> _About this exercise_:
Transcribe the records below exactly, from their first line through the line containing "طراحی نقاشی". Omit every line after it.

Scraped caption text data
>>>

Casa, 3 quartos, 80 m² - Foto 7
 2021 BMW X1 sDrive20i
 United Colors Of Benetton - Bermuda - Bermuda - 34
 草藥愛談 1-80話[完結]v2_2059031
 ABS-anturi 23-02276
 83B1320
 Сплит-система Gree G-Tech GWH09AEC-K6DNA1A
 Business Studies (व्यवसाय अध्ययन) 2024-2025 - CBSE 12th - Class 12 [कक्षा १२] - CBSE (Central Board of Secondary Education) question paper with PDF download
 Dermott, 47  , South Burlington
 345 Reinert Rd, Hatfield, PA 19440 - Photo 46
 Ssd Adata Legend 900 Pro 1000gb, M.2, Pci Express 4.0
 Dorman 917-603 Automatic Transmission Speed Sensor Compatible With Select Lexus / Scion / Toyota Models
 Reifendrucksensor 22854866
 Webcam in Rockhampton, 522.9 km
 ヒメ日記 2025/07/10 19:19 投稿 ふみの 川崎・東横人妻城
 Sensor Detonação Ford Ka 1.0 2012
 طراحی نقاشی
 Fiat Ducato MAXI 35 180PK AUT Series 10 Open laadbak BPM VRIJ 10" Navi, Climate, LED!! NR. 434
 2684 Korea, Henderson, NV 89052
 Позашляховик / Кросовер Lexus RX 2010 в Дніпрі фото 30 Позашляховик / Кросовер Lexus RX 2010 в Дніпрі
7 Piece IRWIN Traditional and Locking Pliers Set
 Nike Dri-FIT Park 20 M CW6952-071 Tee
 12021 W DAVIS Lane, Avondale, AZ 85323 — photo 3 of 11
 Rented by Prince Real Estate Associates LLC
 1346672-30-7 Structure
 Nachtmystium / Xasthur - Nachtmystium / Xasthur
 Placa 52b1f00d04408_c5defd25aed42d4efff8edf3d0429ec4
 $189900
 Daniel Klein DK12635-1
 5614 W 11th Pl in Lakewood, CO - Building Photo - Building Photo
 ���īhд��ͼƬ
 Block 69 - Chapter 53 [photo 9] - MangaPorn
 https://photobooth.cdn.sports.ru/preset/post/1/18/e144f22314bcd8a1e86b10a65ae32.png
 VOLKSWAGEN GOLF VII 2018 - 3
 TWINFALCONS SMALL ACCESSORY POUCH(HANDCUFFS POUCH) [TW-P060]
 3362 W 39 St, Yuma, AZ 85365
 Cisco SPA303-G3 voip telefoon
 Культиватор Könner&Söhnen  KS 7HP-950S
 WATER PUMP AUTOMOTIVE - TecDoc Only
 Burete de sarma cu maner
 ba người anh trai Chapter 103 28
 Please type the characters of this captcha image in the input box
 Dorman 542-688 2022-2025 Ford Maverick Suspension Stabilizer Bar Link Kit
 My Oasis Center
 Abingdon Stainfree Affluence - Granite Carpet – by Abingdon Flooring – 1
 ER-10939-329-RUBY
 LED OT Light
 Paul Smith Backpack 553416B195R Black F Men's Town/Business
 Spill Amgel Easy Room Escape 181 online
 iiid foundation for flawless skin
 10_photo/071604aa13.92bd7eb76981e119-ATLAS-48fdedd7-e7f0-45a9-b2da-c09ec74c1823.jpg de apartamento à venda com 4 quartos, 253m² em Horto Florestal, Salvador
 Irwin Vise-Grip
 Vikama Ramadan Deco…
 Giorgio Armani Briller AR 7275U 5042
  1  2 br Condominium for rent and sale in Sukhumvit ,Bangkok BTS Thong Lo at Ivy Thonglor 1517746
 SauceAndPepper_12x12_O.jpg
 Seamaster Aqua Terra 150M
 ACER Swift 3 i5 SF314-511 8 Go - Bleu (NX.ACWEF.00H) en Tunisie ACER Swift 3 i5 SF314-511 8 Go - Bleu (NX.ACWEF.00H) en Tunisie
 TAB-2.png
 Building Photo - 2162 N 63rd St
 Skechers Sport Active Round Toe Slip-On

<<<

> _Result of this task_:
Casa, 3 quartos, 80 m² - Foto 7
 2021 BMW X1 sDrive20i
 United Colors Of Benetton - Bermuda - Bermuda - 34
 草藥愛談 1-80話[完結]v2_2059031
 ABS-anturi 23-02276
 83B1320
 Сплит-система Gree G-Tech GWH09AEC-K6DNA1A
 Business Studies (व्यवसाय अध्ययन) 2024-2025 - CBSE 12th - Class 12 [कक्षा १२] - CBSE (Central Board of Secondary Education) question paper with PDF download
 Dermott, 47  , South Burlington
 345 Reinert Rd, Hatfield, PA 19440 - Photo 46
 Ssd Adata Legend 900 Pro 1000gb, M.2, Pci Express 4.0
 Dorman 917-603 Automatic Transmission Speed Sensor Compatible With Select Lexus / Scion / Toyota Models
 Reifendrucksensor 22854866
 Webcam in Rockhampton, 522.9 km
 ヒメ日記 2025/07/10 19:19 投稿 ふみの 川崎・東横人妻城
 Sensor Detonação Ford Ka 1.0 2012
 طراحی نقاشی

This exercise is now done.